Cavalieri Estimator Probe

The Cavalieri Estimator is a grid of dimensionless points randomly placed on the region of interest to be estimated. With a grid, the intersections of each of the grid lines are related to the areas formed by the grid.

By associating one area with a point (more accurately, a dimensionless point) located at each intersection, the entire area of the grid is represented.

Each point represents a given area. Because it is not possible to draw a dimensionless point, we represent this concept as a cross or plus sign, where a unique feature of the cross (such as the lower left quadrant of the cross) is used to consistently mark the points which overlay the region of interest .

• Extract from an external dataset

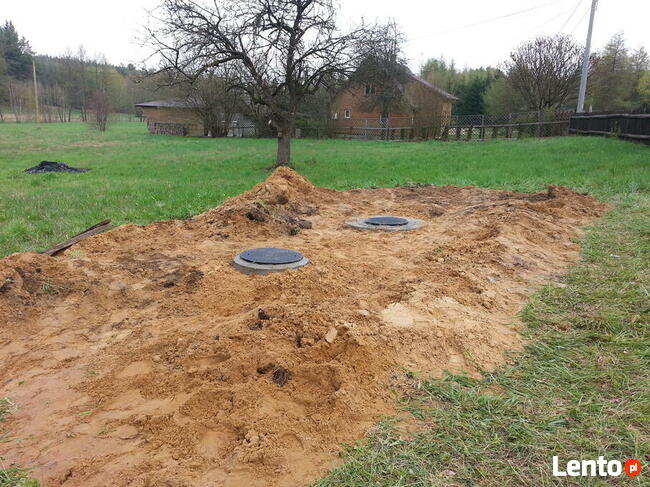 Studnie Wiercone Głębinowe Montaż Pomp Oczyszczalnie Ścieków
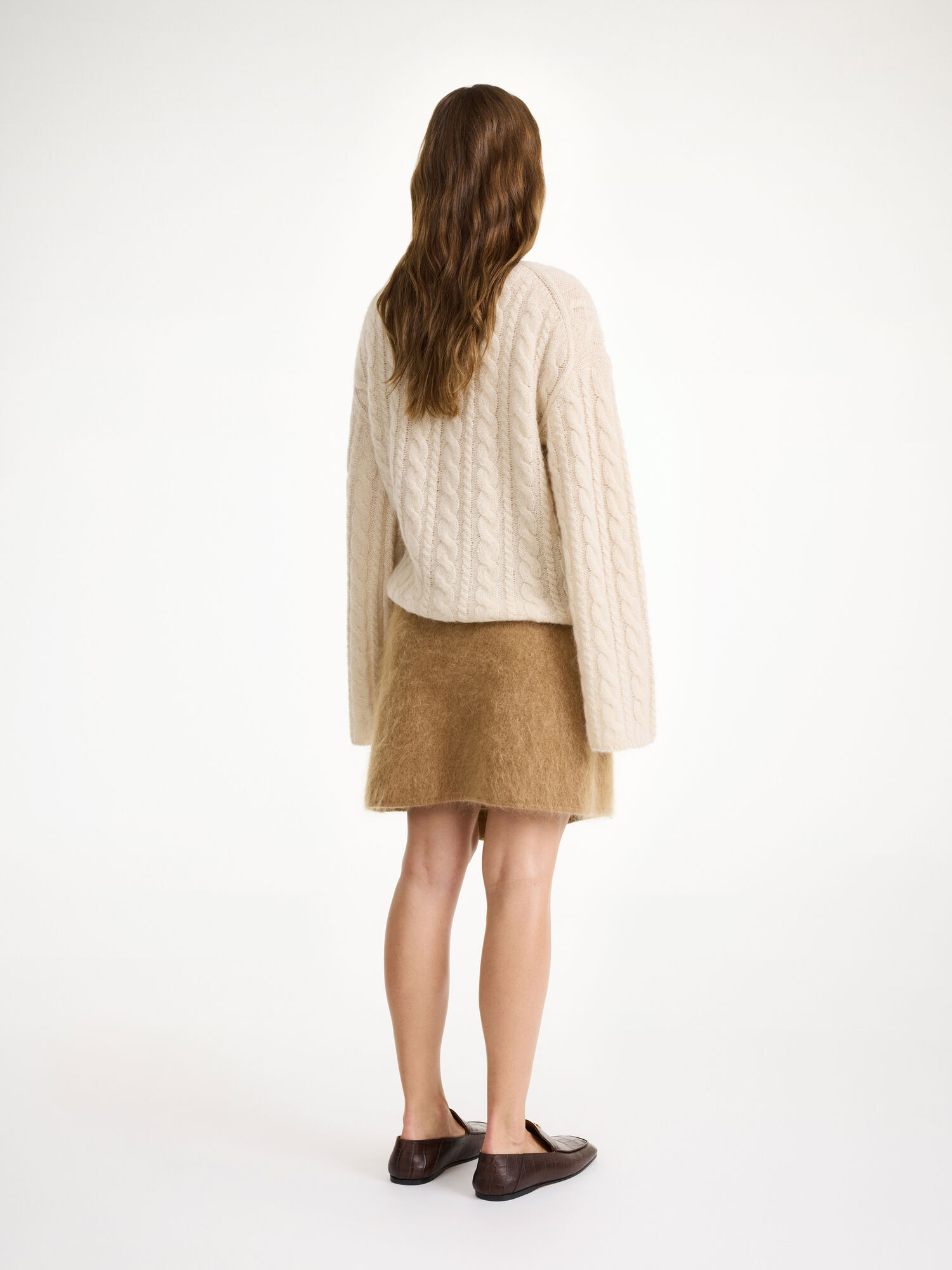 Maglieria By Malene Birger Krissah Mini Skirt Marroni | IT_BB71039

You need to determine an appropriate distance between the points of the point grid that will be overlaid on the region of interest.

The grid spacing determines the number of markers placed.

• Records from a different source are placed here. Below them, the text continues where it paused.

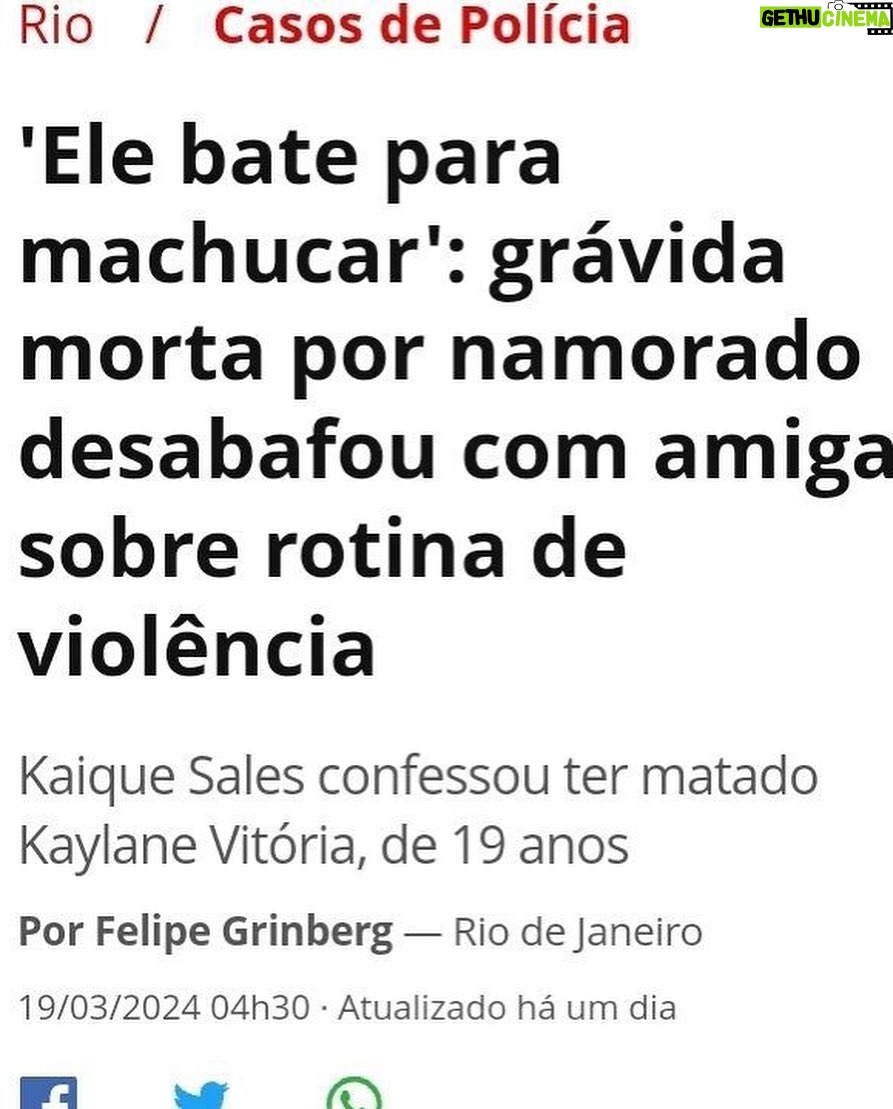 Juliana Alves Instagram - Esse mês celebramos o dia internacional da mulher e é exacerbada a quantidade de notícias factuais, que relatam a falta de cuidado, respeito e inúmeras violências contra as mulheres em diversos ambientes!
Do elevador ao transporte público, passando pela sala de aula, centro cirúrgico e até nos tribunais.
No Brasil e no mundo. As injustiças contra as mulheres são institucionalizadas. Nos trazendo uma sensação de impotência e risco.
O machismo se manifesta das mais diversas formas e nos oprime a todo momento. As vezes de formas que nem percebemos.
Será que conseguiremos deixar um mundo melhor pra nossas meninas?
Porque só assim poderemos ter um ambiente mais saudável pra todos.
Ou teremos avanços pontuais numa estrutura que perpetua e preserva as injustiças e violências históricas?
Esses dias, fui extremamente desrespeitada em um mercadinho perto de casa, por um homem que também fazia compras, na frente da minha filha.
Refletindo sobre tudo isso, tive uma crise de choro e senti uma angústia muito grande.
Respirei fundo e ao explicar minha reação a esse desrespeito absurdo, eu disse a ela:
Quando alguém desrespeita a gente, a gente não tem que aceitar não. Porque se não essa pessoa vai seguir desrespeitando outra. E temos que sempre pensar um jeito de nos proteger e também de nos defender.
O desafio das mulheres negras é ainda maior.
Essa é uma questão de toda a sociedade. Não dá mais.
Fonte imagens:
1 - 3;6 @artivistha
4 e 5 @djamilaribeiro1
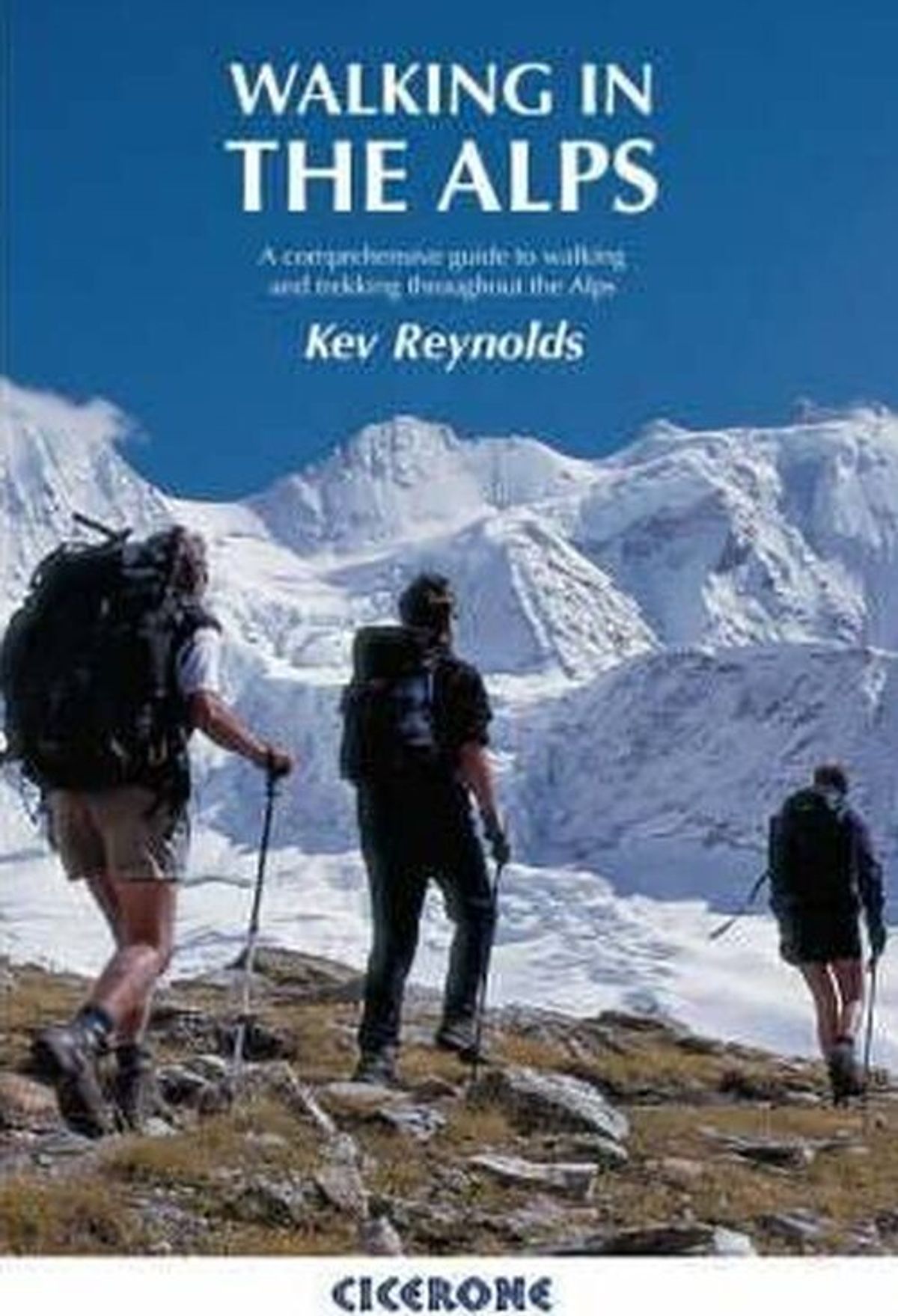 Walking In The Alps - Kev Reynolds - English Book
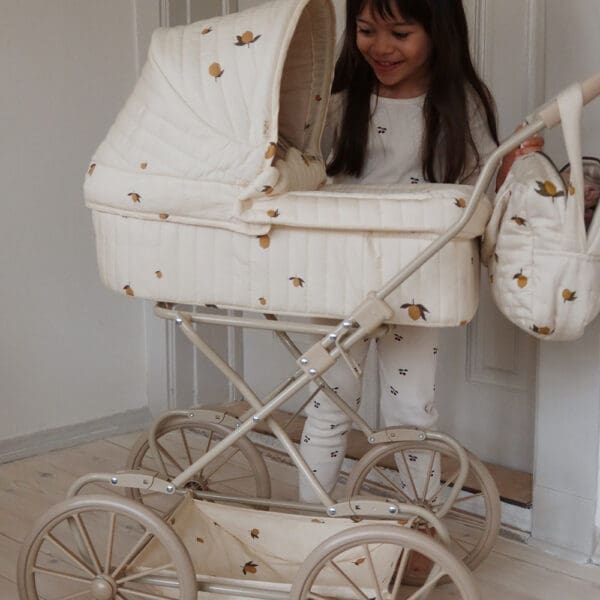 Konges Sløjd - Doll Pram - Lemon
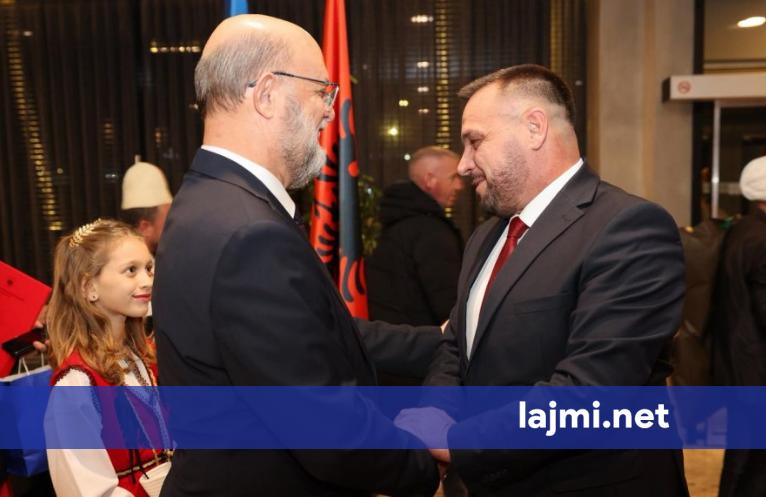 Maqedonci  Siguria e Shqipërisë dhe Kosovës është e përbashkët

• Smaller grid spacing results in a more precise estimate, but requires placing more markers.
• Larger grid spacing saves time, but may result in reduced precision.

It is up to you to find the right balance between precision and efficiency. The more points you have, the more decisions you have to make.

Based on theoretical and practical experienceHoward and Reed, Unbiased Stereology, First Edition, p. 41, we know that you can obtain a volume estimate with a 10-15% coefficient of error from 10-15 evenly spaced systematic random sections through the region of interest, and a grid spacing that results in ~200 marker points in total (not per section).

For volume estimation, you also need to know either the thickness of the sections to be sampled, or the thickness interval between the sections to be sampled.

1. Place a reference point.
2. Select the lens that matches the objective from the drop-down menu in the toolbar.
3. Use Tools>Serial Section Manager to define sections.
4. Click Probes>Cavalieri Estimator; the Cavalieri Estimator dialog box appears .
   • Section Cut Thickness: Defined in the Serial Section Manager.
   • Grid spacing: Enter a value.
5. Click OK; Stereo Investigator displays a grid of points (represented by cross-hairs by default) over the tissue.
   • To change the shape and color of the grid points, use the Options>Stereology Preferences>Colors And Tick Marks tab.
6. Click a marker type in the toolbar to select it.
7. Snap To Grid is the default marking mode. To select another marking mode, place the cursor over the tracing window and right-click (see Cavalieri Estimator - Marking Modes)
8. Mark all the points that overlay the area of interest on the section.
   • Use the same unique point for each grid point when determining whether the grid point is over the area of interest.

   If the grid point is represented by a cross-hair, always approach from the same quadrant.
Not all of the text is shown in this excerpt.